Truman Papers: Telegram

No. 1
Prime Minister Churchill to President Truman 1

top secret

Prime Minister to President Truman. Number 34. Personal and top secret.

I send you in my immediately following telegram2 the personal answer3 which U. J.4 has sent to me on my long telegram of April 295 which latter you thought well of and also supported by the message quoted in your Number 25.6 It seems to me that matters7 can hardly be carried further by correspondence and that, as soon as possible, there should be a meeting of the three heads of governments. Meanwhile we should hold firmly to the existing position obtained or being obtained by our armies in Yugoslavia, in Austria, in Czechoslovakia, on the main central United States front and on the British front reaching up to Lübeck including Denmark. There will be plenty to [Page 4] occupy both armies in collecting the prisoners during the next few days, and we may hope that the VE celebration will also occupy the public mind at home. Thereafter I feel that we must most earnestly consider our attitude towards the Soviets and show them how much we have to offer or withhold.

. . . . . . .

  1. Sent by the United States Military Attaché, London, via Army channels. Text communicated to the Secretary of State by Fleet Admiral William D. Leahy, Chief of Staff to the Commander in Chief of the Army and Navy, in a memorandum of May 9 (file No. 860c.01/5–945).
  2. Not printed.
  3. See Winston S. Churchill, Triumph and Tragedy (vol. vi of The Second World War) (Boston, 1953), p. 499; Stalin’s Correspondence With Churchill, Attlee, Roosevelt and Truman, 1941–45 (New York, 1958), vol. i, p. 346. The short title Stalin’s Correspondence is hereafter used to refer to the last-cited publication, which constitutes a reissue (including the original title pages and with the original pagination but bound in one volume) of the two volumes of Correspondence Between the Chairman of the Council of Ministers of the U.S.S.R. and the Presidents of the U.S.A. and the Prime Ministers of Great Britain During the Great Patriotic War of 1941–1945 (Moscow, Foreign Languages Publishing House, 1957; Ministry of Foreign Affairs publication).

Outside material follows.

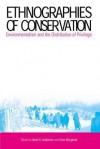 Ethnographies of Conservation: Environmentalism and the Distribution of Privilege - David G. Anderson, Eeva K. Berglund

For a citation to the Russian text of this compilation, see document No. 21, footnote 1.
  4. Uncle Joe, i. e., Stalin.
  5. See Churchill, Triumph and Tragedy, p. 494; Stalin’s Correspondence, vol. i, p. 338.
  6. Not printed. Truman’s telegram No. 25 to Churchill quoted for the latter’s information the text of Truman’s message of May 4 to Stalin concerning Poland. See Harry S. Truman, Year of Decisions (vol. i of Memoirs by Harry S. Truman) (Garden City, 1955), pp. 254–255; Stalin’s Correspondence, vol. ii, p. 228.
  7. With respect to the “matters” which Churchill presumably had in mind, see document No. 4.